An effective climate solution?
No single geoengineering technology can, on its own, achieve the Paris Agreement’s targets [1]. Their effectiveness varies greatly between and within categories.
Carbon dioxide removal
Afforestation and reforestation are relatively low-cost, well-understood options that can store carbon for decades to centuries. By contrast, carbon capture and storage (CCS) operates on timescales of 10,000+ years, but remains costly and complex [1, 8].
For example, the Australian Gorgon project cost an estimated $54 billion dollars but has consistently failed to meet its target of storing 80% of the CO₂ produced during gas extraction. In 2023-2024, it captured just 1.6 of the 5.3 million tonnes produced that year [9, 11]. Researchers suggest that a ‘high-CCS’ pathway to net zero by 2050 could cost $30 trillion more than a ‘low-CCS’ pathway, or roughly $1 trillion per year [11, 12].
There is also a non-negligible chance that CCS fails to be deployed at scale [11].

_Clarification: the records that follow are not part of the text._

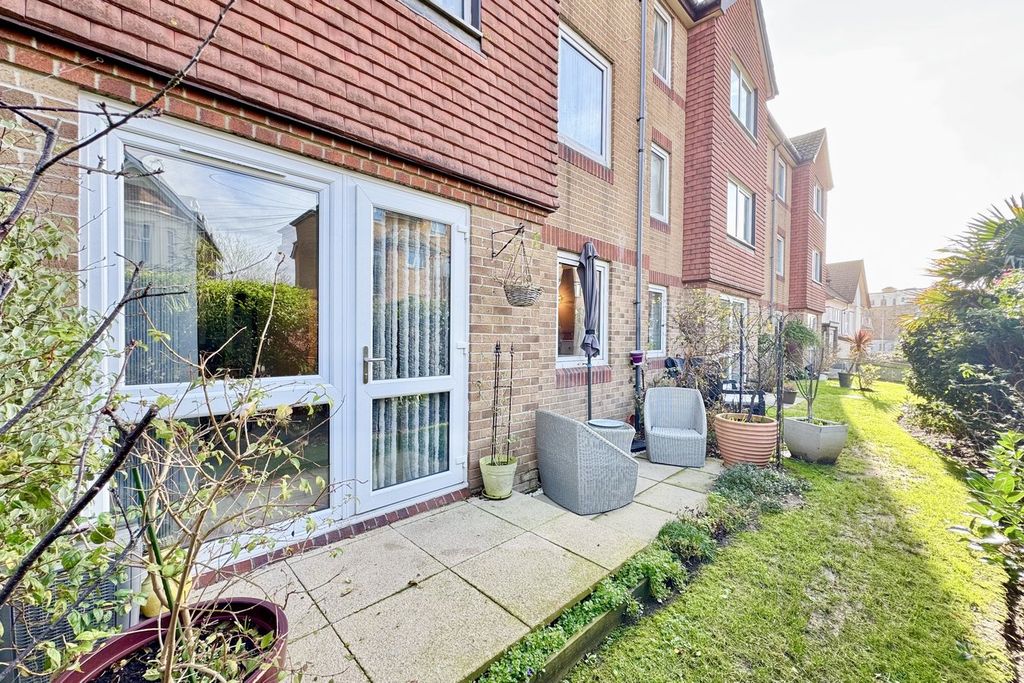 Additional image 12 of 1 bed property for saleSea Road, Boscombe, Bournemouth BH5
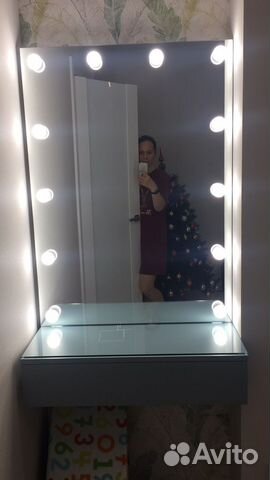 Гримерное зеркало настольное с лампочками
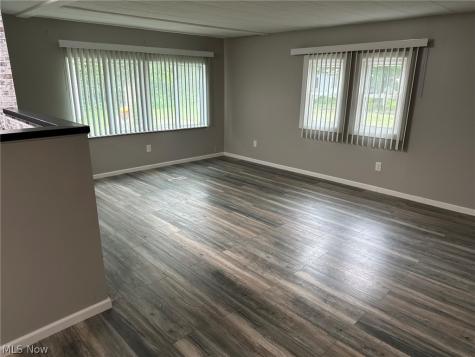 220 Greenbriar Elyria OH 44035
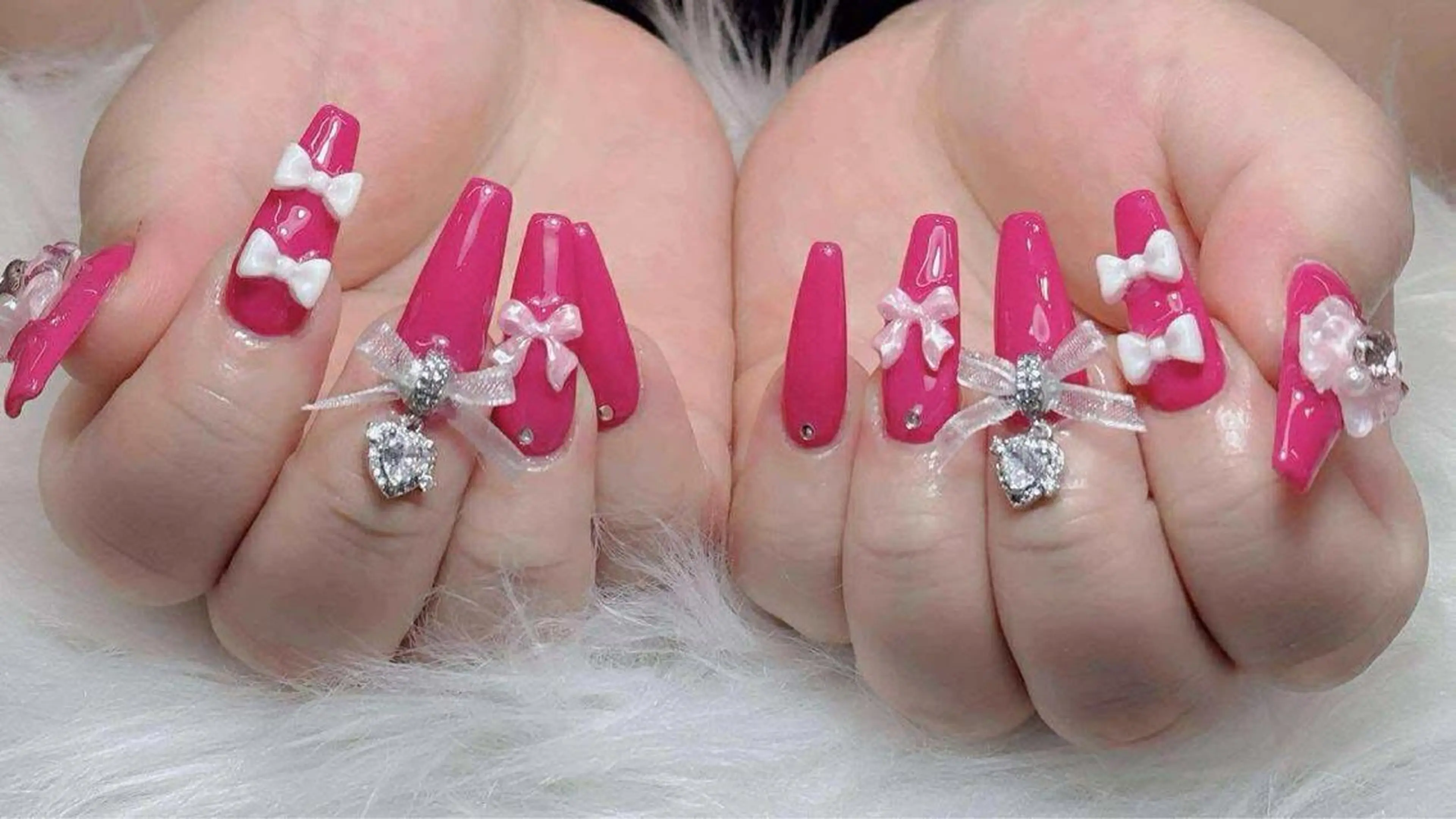 ネイル オーロラネイル チークネイル フットネイル フレンチネイル 韓国ネイル ハンドネイル Lumi Nailのネイルデザイン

Solar radiation management
SRM technology is highly novel. Even the most researched form – SAI – is limited to modelling and small-scale experiments [1]. Scenarios suggest deployment could begin in the polar regions by 2040, or globally by 2060 [2].
While SAI has an extremely high potential to mitigate warming, it is also more expensive than previously thought, requiring $16.7 billion US dollars’ worth of aircraft and infrastructure and $1 billion US dollars annually [2]. It also carries human and environmental risks, including ozone depletion and regional disruptions to precipitation. Governance and ethical issues, such as transboundary impacts, and transgenerational risk, remain unresolved [2].

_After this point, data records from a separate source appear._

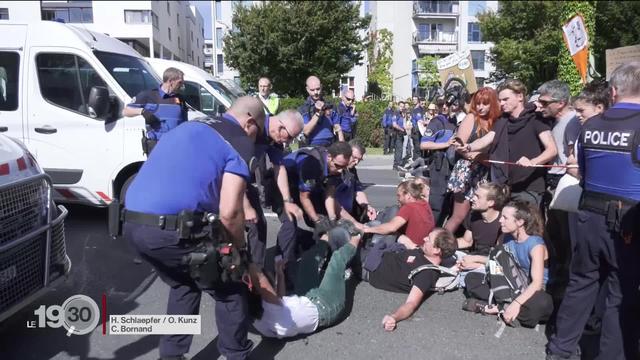 Ils bloquent des routes, des ponts ou encore occupent le Crédit suisse. les militants pour le climat font face à la justice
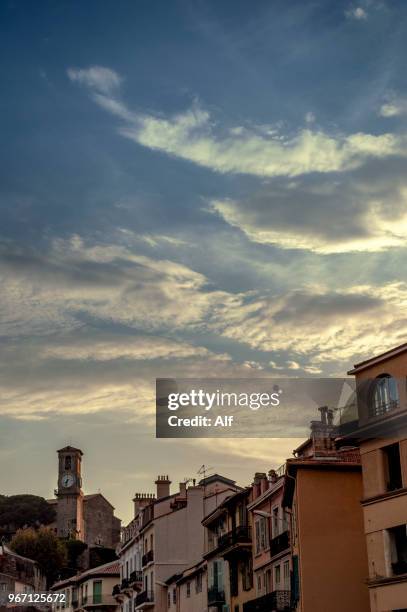 citadel of cannes from the port, provence-alpes-cote d'azur, france - mt lemmon 個照片及圖片檔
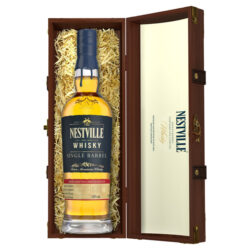 Nestville Single Barrel Whisky kufrík darčekové balenie 0.7 l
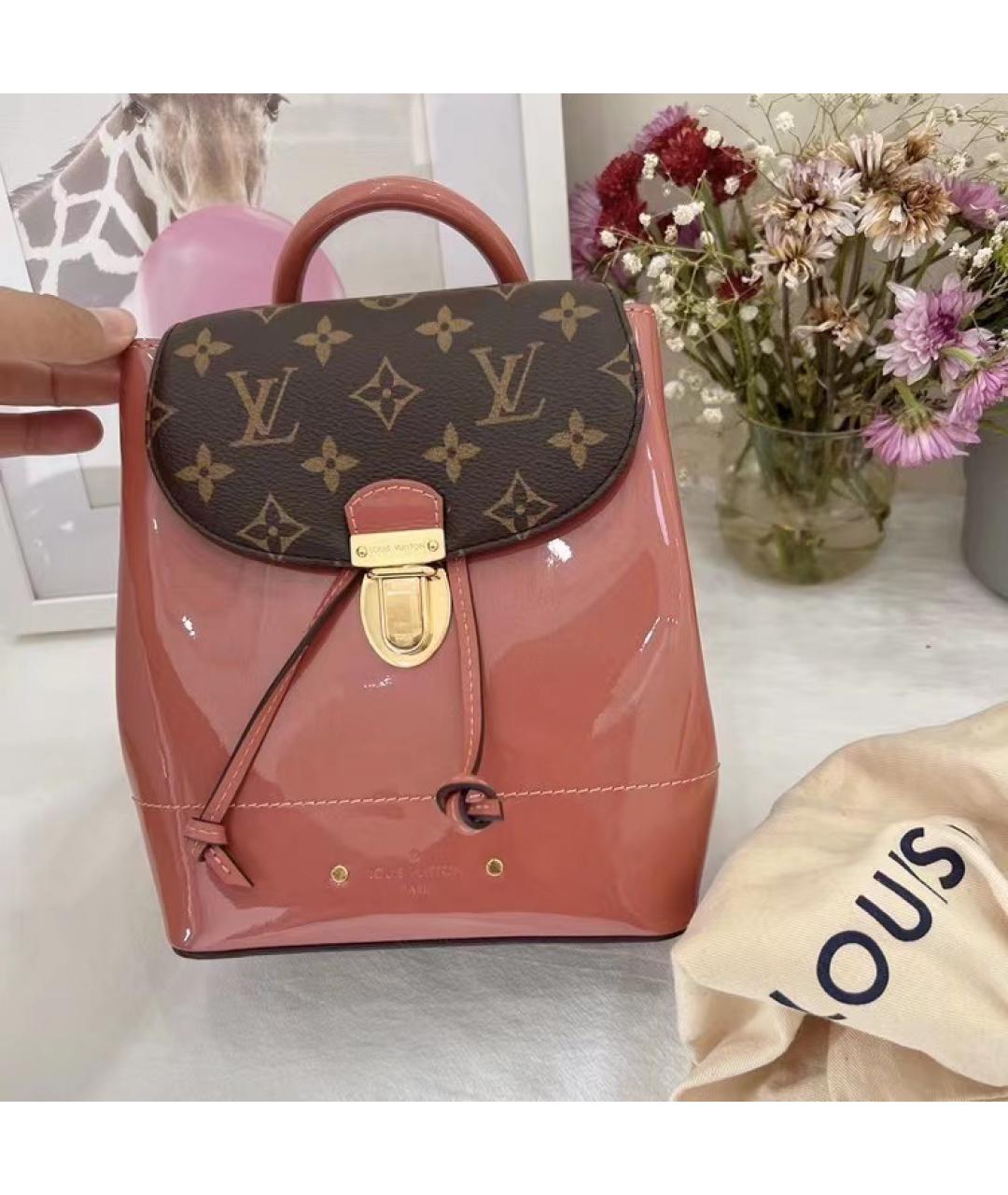 LOUIS VUITTON Розовый рюкзак из лакированной кожи, фото 7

Geoengineering vs mitigation
By contrast, conventional mitigation options like renewable energy and ecosystem restoration are cheaper, safer, and already scalable. According to the IPCC, the cost of avoiding one tonne of CO₂ by 2030 is approximately under $20 for solar and wind, compared to up to $200 for CCS [1]. Renewable technologies also reduce emissions immediately, while geoengineering would take decades to deploy effectively.
Other ‘low-tech, win-win’ approaches to mitigation include restoring forest, grassland, and peat ecosystems. These approaches also have other benefits such as increasing wildlife diversity and improving the resilience of local communities [13].

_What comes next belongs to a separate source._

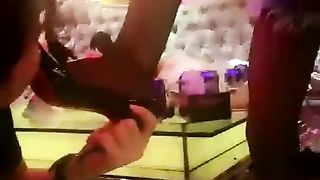 【京韵S】KTV玩男宠，抱着黑丝脚就是啃【23分钟】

Near-term mitigation significantly reduces the risk of overshooting 1.5°C, transitional challenges and the need for future reliance on CDR [13].
Technological optimism
Given the high cost, risks, and uncertainties regarding geoengineering, it is important to question why this technology has received so much attention and funding in recent years.
According to Lamb, William F et. al, this enthusiasm can be termed technological optimism, ‘holding that technological progress will rapidly bring about emissions reductions in the future’; though science suggests that geoengineering alone is unlikely to bring large-scale reductions in carbon emissions without significant technological advancement [14].
This discourse delays effective climate action and justifies continued fossil fuel dependence. This follows what researchers describe as ‘predatory delay’: deliberate efforts by powerful institutions to slow the implementation of actions that address the root causes of problems to preserve their own financial and political power [15]. By funding geoengineering research and promoting it as a tool to buy time for decarbonization, fossil fuel companies and philanthrocapitalists can protect their own interests [15].
Conclusion
Geoengineering alone is not an effective climate solution or a substitute for mitigation, given limitations in feasibility, scale and cost [1]. Even advanced forms like CCS, which have been in use for decades, may not work reliably at a large scale. While CCS could play a minor role in offsetting emissions – and could be of great help in eliminating residual emissions (those which are already in our atmosphere) – it is not by itself an effective climate solution [16].
To meet the Paris Agreement targets and keep warming below 2°C, mitigation must remain the priority. Geoengineering should be pursued cautiously without diverting resources from mitigation, and technological optimism should be critically examined.